*********************************************************
	CMU Neural Network Benchmark Database

Last Updated: February 28, 1993
FTP: ftp.cs.cmu.edu -  /afs/cs/project/connect/bench
AFS: /afs/cs.cmu.edu/project/connect/bench
Site contact:  neural-bench@cs.cmu.edu
*********************************************************

NetTalk Corpus
--------------
SOURCE:  Terry Sejnowski & Charles Rosenberg
RESULTS: 2
SUMMARY: This is an updated and corrected version of the data set used by
Sejnowski and Rosenberg in their influential study of speech generation
using a neural network.  The file "nettalk.data" contains a list of
20,008 English words, along with a phonetic transcription for each word.
The task is to train a network to produce the proper phonemes, given a
string of letters as input.  This is an example of an input/output mapping
task that exhibits strong global regularities, but also a large number of
more specialized rules and exceptional cases.


Parity
------
SOURCE:  Traditional
RESULTS: 2
SUMMARY: The task is to train a network to produce the sum, mod 2, of N
binary inputs -- otherwise known as computing the "odd parity" function.
See also the XOR benchmark, which is the 2-input case of parity.


Protein
-------
SOURCE:  Terry Sejnowski & Ning Qian
RESULTS: 1
SUMMARY: This is a data set used by Ning Qian and Terry Sejnowski in their
study using a neural net to predict the secondary structure of certain
globular proteins.  The idea is to take a linear sequence of amino
acids and to predict, for each of these amino acids, what secondary
structure it is a part of within the protein.  There are three choices:
alpha-helix, beta-sheet, and random-coil.  The data set contains both a
large set of training data and a distinct set of data that can be used for
testing the resulting network.  Qian and Sejnowski use a Nettalk-like
approach and report an accuracy of 64.3% on the test set, and they
speculate that this is about the best that can be done using only local
context.


Sonar, Mines vs.

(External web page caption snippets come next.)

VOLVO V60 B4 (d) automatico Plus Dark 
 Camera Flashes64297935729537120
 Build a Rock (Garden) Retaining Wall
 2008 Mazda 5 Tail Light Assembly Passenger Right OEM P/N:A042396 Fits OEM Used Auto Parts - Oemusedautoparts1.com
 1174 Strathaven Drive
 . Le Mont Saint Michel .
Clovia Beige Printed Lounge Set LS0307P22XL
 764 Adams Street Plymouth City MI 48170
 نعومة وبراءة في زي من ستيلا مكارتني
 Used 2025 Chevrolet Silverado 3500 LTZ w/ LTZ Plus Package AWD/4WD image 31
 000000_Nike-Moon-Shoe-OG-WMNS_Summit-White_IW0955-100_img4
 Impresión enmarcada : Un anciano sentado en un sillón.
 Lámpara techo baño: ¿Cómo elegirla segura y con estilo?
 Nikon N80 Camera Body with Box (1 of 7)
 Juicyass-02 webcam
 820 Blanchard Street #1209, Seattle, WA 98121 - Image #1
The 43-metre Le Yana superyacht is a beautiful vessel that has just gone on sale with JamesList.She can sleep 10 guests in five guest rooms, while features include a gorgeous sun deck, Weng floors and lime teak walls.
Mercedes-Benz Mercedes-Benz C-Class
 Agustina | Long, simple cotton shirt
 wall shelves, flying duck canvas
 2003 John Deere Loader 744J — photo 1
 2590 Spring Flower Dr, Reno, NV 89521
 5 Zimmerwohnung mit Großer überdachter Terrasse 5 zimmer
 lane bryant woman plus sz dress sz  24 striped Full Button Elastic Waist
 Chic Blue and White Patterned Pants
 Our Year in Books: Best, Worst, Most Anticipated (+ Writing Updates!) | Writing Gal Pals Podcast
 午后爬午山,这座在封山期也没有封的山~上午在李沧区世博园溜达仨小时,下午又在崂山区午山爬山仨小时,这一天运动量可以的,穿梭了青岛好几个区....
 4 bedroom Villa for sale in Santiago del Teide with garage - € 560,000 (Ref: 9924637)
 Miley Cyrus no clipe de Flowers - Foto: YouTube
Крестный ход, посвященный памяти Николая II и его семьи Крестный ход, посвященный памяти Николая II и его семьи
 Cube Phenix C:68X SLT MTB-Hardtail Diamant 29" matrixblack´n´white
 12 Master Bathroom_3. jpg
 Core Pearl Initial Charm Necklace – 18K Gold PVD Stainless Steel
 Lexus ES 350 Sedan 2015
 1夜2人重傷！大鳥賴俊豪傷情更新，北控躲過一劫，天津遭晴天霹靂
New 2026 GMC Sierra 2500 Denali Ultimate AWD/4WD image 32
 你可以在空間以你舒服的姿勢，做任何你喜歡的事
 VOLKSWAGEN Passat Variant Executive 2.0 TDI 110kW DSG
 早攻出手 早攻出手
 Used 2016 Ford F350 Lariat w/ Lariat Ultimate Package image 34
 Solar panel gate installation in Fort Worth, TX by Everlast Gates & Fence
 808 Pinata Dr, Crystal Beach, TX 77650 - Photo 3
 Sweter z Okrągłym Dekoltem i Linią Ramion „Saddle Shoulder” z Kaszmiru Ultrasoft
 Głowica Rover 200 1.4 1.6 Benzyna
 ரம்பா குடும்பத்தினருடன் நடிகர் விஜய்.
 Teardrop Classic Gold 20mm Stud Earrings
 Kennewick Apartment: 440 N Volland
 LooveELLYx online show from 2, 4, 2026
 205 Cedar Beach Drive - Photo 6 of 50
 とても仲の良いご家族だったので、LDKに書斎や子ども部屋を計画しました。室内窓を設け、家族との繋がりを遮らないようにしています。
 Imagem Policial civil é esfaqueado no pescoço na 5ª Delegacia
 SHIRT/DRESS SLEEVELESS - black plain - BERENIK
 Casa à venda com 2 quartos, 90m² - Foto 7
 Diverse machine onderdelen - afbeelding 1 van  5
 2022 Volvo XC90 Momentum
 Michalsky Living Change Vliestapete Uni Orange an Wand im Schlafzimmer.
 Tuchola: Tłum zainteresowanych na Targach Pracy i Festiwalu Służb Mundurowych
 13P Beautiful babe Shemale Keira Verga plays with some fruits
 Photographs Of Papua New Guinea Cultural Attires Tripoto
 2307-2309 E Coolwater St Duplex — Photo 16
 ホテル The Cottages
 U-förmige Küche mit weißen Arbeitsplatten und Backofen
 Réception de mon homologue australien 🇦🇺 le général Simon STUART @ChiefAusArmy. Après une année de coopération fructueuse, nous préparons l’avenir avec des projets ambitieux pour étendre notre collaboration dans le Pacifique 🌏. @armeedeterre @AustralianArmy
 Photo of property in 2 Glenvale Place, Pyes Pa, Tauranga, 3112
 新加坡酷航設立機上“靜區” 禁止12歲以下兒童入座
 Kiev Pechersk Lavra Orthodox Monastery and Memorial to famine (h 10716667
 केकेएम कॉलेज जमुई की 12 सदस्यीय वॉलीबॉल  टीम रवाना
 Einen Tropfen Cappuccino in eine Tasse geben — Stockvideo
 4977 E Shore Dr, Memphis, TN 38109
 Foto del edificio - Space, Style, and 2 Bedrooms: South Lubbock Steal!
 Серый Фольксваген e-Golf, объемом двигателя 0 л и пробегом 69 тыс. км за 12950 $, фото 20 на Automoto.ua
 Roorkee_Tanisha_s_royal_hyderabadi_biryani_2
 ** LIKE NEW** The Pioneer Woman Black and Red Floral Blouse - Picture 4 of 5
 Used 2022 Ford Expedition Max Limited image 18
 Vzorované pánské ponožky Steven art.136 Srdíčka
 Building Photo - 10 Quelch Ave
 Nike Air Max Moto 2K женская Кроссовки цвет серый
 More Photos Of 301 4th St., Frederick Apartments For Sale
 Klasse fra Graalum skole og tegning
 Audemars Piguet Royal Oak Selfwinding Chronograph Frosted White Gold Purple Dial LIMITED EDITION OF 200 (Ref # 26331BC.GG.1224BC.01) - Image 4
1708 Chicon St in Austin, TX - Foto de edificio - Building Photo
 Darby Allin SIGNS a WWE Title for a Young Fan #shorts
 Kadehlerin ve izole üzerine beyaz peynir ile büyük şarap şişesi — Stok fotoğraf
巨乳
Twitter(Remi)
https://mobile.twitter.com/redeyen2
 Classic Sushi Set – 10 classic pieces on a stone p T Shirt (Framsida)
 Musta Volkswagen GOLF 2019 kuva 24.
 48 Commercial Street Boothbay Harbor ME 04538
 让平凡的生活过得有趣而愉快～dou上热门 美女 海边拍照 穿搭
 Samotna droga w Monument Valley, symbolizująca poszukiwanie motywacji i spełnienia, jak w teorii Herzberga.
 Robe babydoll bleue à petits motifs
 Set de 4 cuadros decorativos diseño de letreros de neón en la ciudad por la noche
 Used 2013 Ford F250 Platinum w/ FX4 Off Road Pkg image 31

Rocks
----------------------
SOURCE:  Terry Sejnowski & R. Paul Gorman
RESULTS: 1 (1 variant)
SUMMARY: This is the data set used by Gorman and Sejnowski in their study
of the classification of sonar signals using a neural network.  The
task is to train a network to discriminate between sonar signals bounced
off a metal cylinder and those bounced off a roughly cylindrical rock.


Two Spirals
-----------
SOURCE:  Alexis Wieland of MITRE Corporation
RESULTS: 6 (2 variants)
SUMMARY: The task is to learn to discriminate between two sets of training
points which lie on two distinct spirals in the x-y plane.  These spirals
coil three times around the origin and around one another.  This appears to
be a very difficult task for back-propagation networks and their relatives.
Problems like this one, whose inputs are points on the 2-D plane, are
interesting because we can display the 2-D "receptive field" of any unit in
the network.


Vowel Recognition
-----------------
SOURCE:  David Deterding, Mahesan Niranjan & Tony Robinson
RESULTS: 16
SUMMARY: Speaker independent recognition of the eleven steady state vowels
of British English using a specified training set of lpc derived log area
ratios.


XOR
---
SOURCE:  Traditional
RESULTS: 4 (4 variants)
SUMMARY: The task is to train a network to produce the boolean "exclusive
or" function of two variables.  This is perhaps the simplest learning
problem that is not linearly separable.  It therefore cannot be performed
by a perception-like network with only a single layer of trainable weights.
In its various forms, XOR has been the most popular learning benchmark in
recent literature.  XOR is a special case of the parity function, but here
we will treat it as a separate benchmark in its own right.